→ Task details
With the pictures left out, restate exactly the part below that opens with the line containing "Office franco-québécois pour" and closes with the line containing "Kansai Special DVK-1702P".

=== Data for this task ===

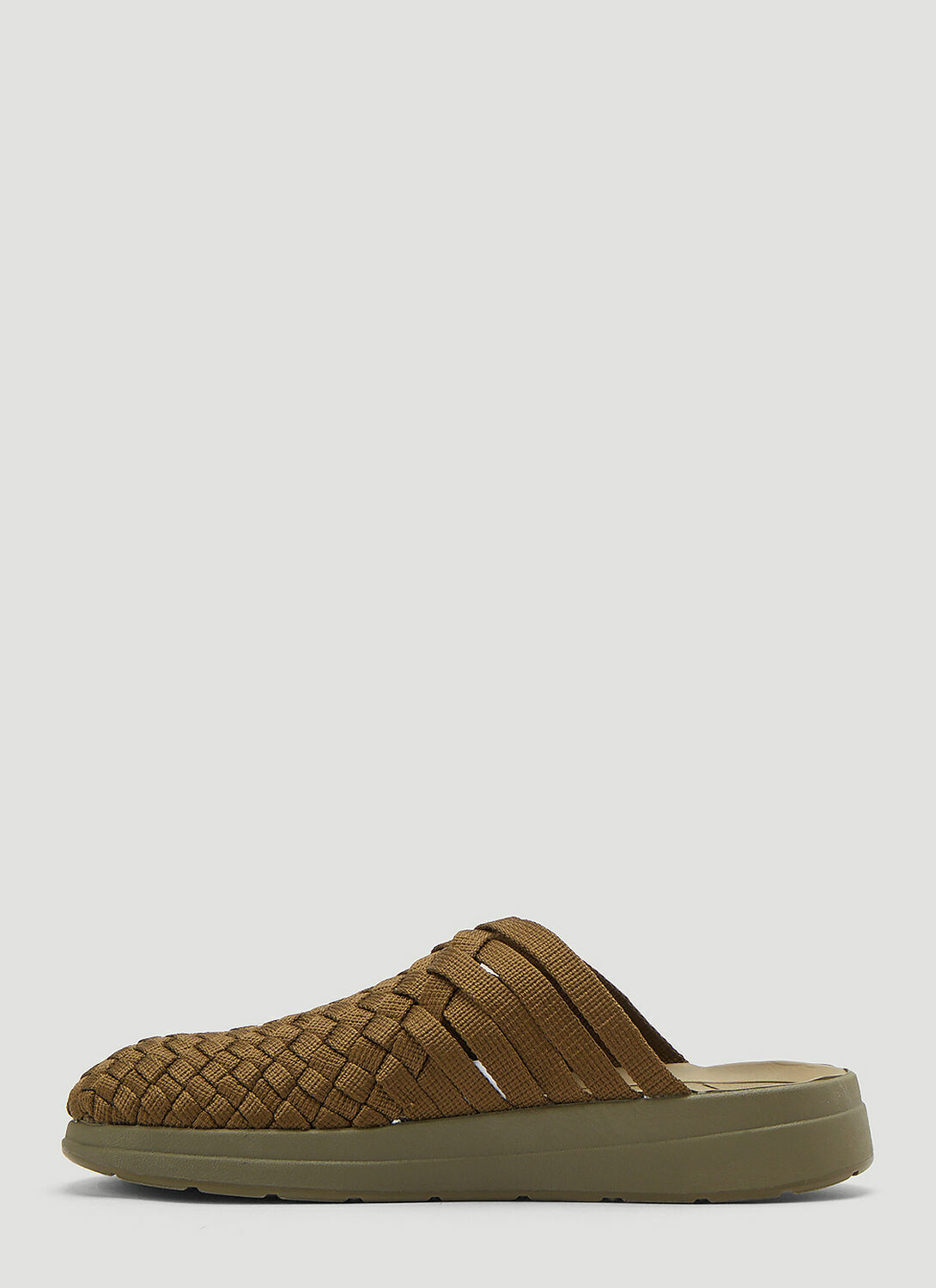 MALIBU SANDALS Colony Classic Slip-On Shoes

===
=== Data for this task ===

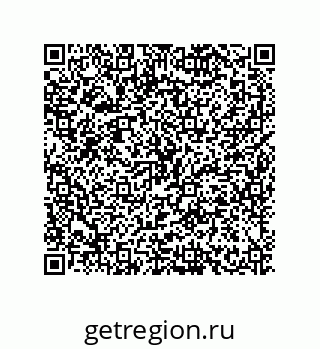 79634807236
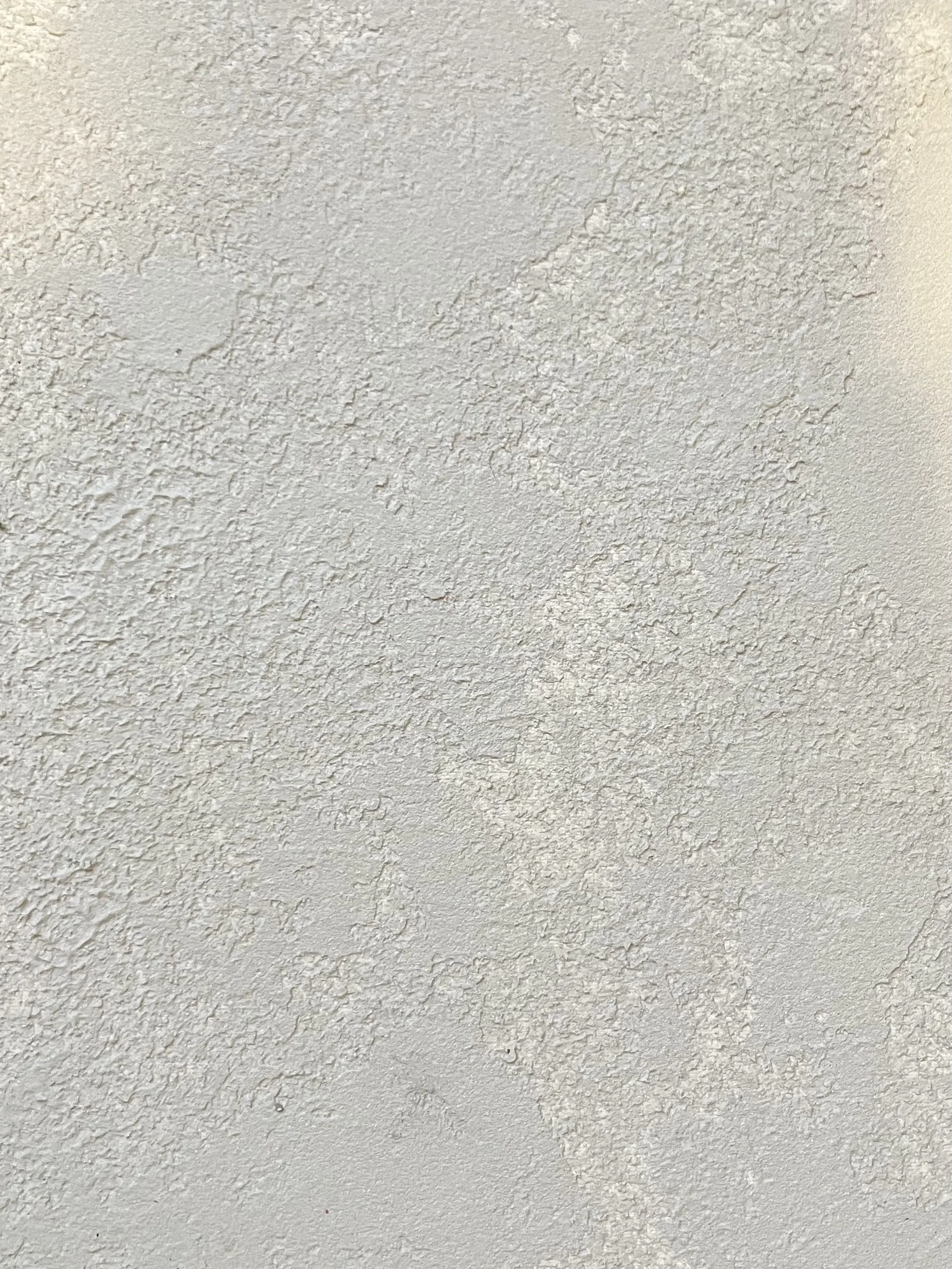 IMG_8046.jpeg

===
=== Data for this task ===

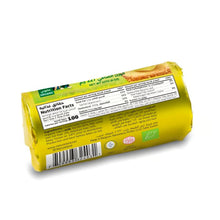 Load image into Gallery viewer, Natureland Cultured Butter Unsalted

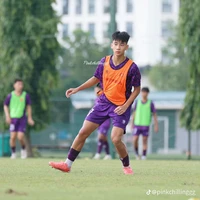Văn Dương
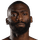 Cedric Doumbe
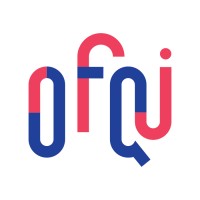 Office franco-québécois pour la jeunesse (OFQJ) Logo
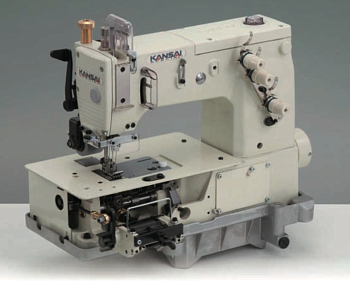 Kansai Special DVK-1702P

===

→ Problem solution
 Office franco-québécois pour la jeunesse (OFQJ) Logo
 Kansai Special DVK-1702P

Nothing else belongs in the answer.